* **TASK DETAILS**: Return the lines below that contain "with".
------------------------------------------------------------
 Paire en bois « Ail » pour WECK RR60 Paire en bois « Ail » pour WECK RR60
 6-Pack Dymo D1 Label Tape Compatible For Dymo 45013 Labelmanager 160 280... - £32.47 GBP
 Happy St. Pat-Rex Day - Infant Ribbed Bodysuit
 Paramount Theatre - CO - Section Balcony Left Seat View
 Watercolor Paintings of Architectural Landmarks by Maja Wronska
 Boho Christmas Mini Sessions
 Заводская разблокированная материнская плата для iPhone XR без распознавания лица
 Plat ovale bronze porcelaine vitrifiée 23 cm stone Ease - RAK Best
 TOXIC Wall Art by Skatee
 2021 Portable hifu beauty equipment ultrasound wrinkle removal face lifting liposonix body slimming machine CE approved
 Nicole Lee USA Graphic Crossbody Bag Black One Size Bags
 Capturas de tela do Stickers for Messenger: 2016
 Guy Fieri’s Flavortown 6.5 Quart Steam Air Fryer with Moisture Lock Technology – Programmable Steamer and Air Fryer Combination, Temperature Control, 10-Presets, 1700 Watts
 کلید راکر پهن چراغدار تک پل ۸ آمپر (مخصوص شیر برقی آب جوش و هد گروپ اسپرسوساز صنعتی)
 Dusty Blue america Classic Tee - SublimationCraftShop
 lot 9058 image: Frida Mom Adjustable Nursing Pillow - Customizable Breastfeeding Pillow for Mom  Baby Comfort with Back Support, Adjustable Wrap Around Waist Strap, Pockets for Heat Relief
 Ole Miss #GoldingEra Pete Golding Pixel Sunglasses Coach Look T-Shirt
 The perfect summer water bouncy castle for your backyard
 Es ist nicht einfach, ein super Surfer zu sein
------------------------------------------------------------
* **EXPECTED OUTPUT**:
 Guy Fieri’s Flavortown 6.5 Quart Steam Air Fryer with Moisture Lock Technology – Programmable Steamer and Air Fryer Combination, Temperature Control, 10-Presets, 1700 Watts
 lot 9058 image: Frida Mom Adjustable Nursing Pillow - Customizable Breastfeeding Pillow for Mom  Baby Comfort with Back Support, Adjustable Wrap Around Waist Strap, Pockets for Heat Relief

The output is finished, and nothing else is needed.